İşte Bakan Uraloğlu'nun açıklamalarından satır başları:

Mutlaka güvenlik ve emniyetin sürdürebilir olması için arkasında kalkınmaya, gelişmeye, istihdama yönelik projeler olması gerekir. Tam da burada Irak'taki Kalkınma Yolu ile ilgili bu süreci yaşıyoruz. Son 1 yılda deprem sıkıntısını da atlattıktan sonra daha çok gündemimize oturan bir proje oldu. Irak'a ziyaretimiz oldu. Iraklı meslektaşımı Türkiye'de ağırladım. BAE ve Katar bakanlarıyla gerek yüzyüze gerek telefonla görüşmeler yaptım. Son birkaç aydır neredeyse ya bizi heyetimiz orada ya da onların heyeti burada. 4 ülkenin imzalaması noktasında son haftanın gayretleriyle gelinen süreç. Irak'ta uzun süredir yakın görüşmeleri sürdürdük. 4'lü ve 2'li anlaşmaları imzalamış olduk. Demir yolu projesinde 1200 kilometrelik bir hattı konuşuyoruz. Otoyol olacak. Bunlar eş güdümlü halinde olması gereken. Enerji nakil hatları ve iletişim hatlarını beraber planlıyoruz. Ortadoğu, Asya, Afrika'da dünya ticaretinin önemli bölümünün döndüğü, taşındığı noktadayız biz. Orta koridor, kalkınma yolu, Basra Körfezi. Burada halihazırda inşaatı devam eden dünyanın en büyük limanlarından bir tanesi Fav Limanı. İlgili arkadaşlarımız limanı ziyaret ettiler. Ben de ilk fırsatta gideceğim. Fav Limanı'ndan başlayıp Türkiye sınırına kadar yaklaşık 1200 kilometre. Bizim ülkemizdeki yaklaşık 320 kilometrelik bölüm.
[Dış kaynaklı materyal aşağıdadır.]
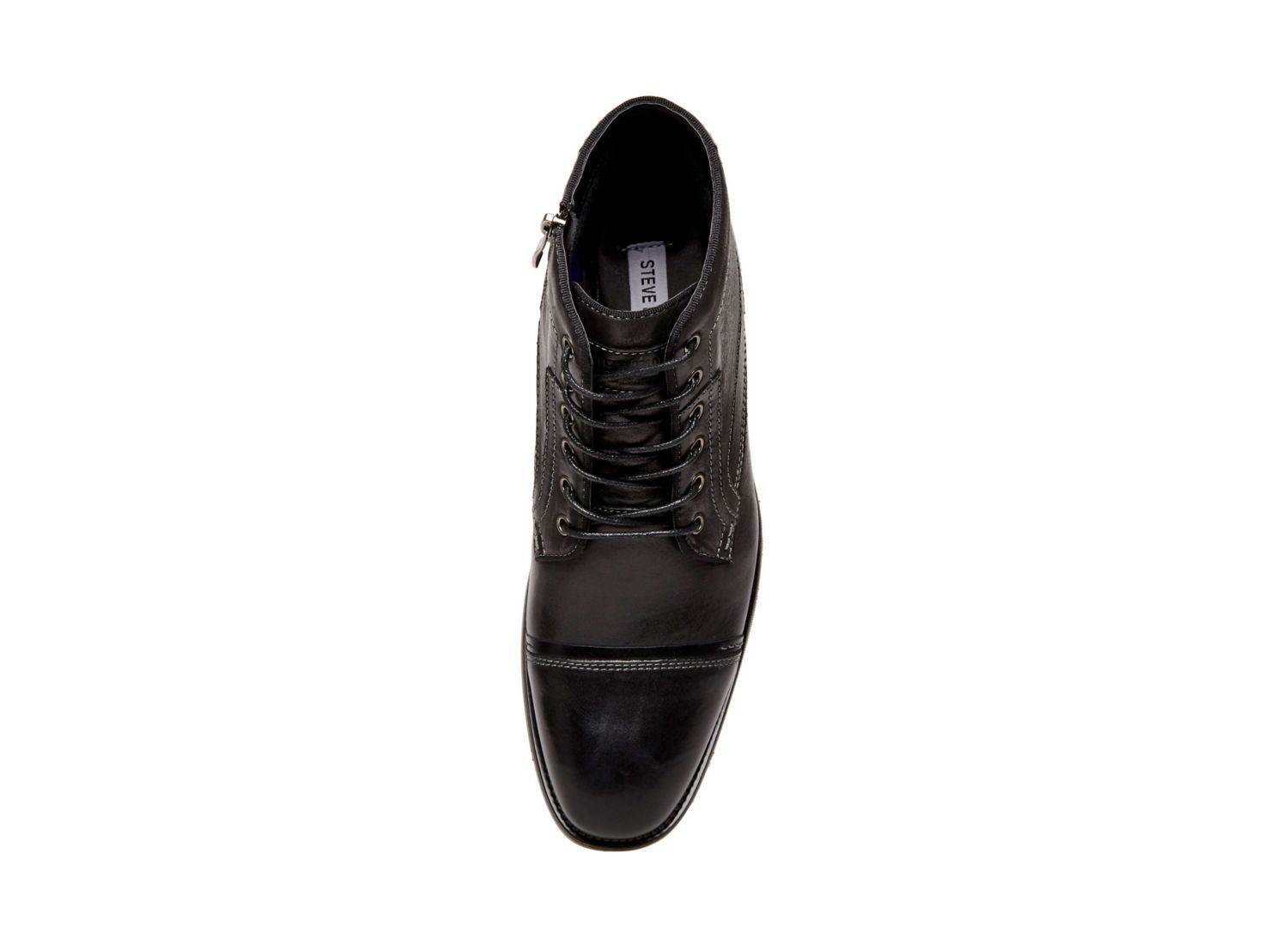JEFRIES GREY LEATHER - Shoes - Steve Madden Canada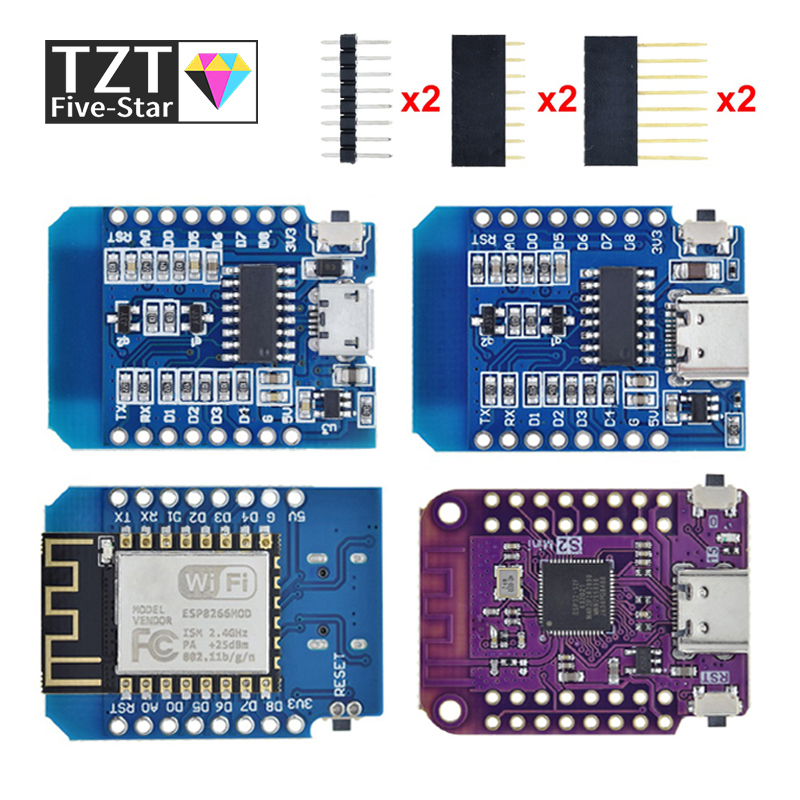 WeMos D1 Mini Pro V3.0 NodeMcu - Esp8266 Nodemcu Board review and price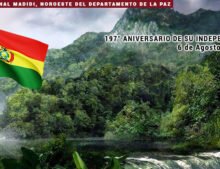 Estado Plurinacional de Bolivia, 197°aniversario de su Independencia.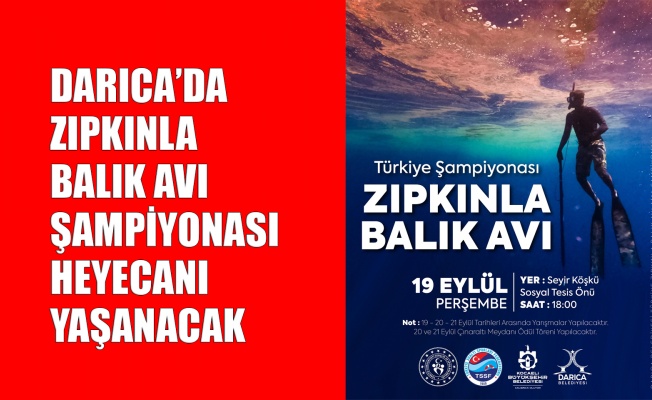 Darıca’da Zıpkınla Balık Avı Şampiyonası heyecanı yaşanacak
"TÜRKİYE'NİN POLİTİKASI HEP KAZAN KAZAN ÜZERİNE OLMUŞTUR"

Bir şeyin güvenliğini almışsanız, orada yapabileceğiniz her şeyi yapmak doğru olur. Basra Körfezi veya bu bölgeden alınan Irak, İran, Suriye, Katar, Suudi Arabistan. Kuveyt'ten gelecek yük, demiryoluyla Londra'ya kadar gitme imkanına sahip olacak. Akdeniz, Karadeniz, Ege denizine ülkemiz üzerindeki karayolu ve demiryollarıyla o bağlantıyı sağlamış olacağız. Türkiye'nin politikası hep kazan kazan üzerine olmuştur. Bunun net örneklerini Ortadoğu, Afrika ve Türk Cumhuriyetlerinde görüyoruz. Bizim için olduğu kadar muhataplarımız için de kıymetli. Her halükarda yeni kapasiteler, yollar lazım. Bunların da en uygun olanları mutlaka daha cazip hale geliyor. Taşınan güzergâhlardan yük almaya gerek yok; artana talip olur da alırsanız o size yetecektir.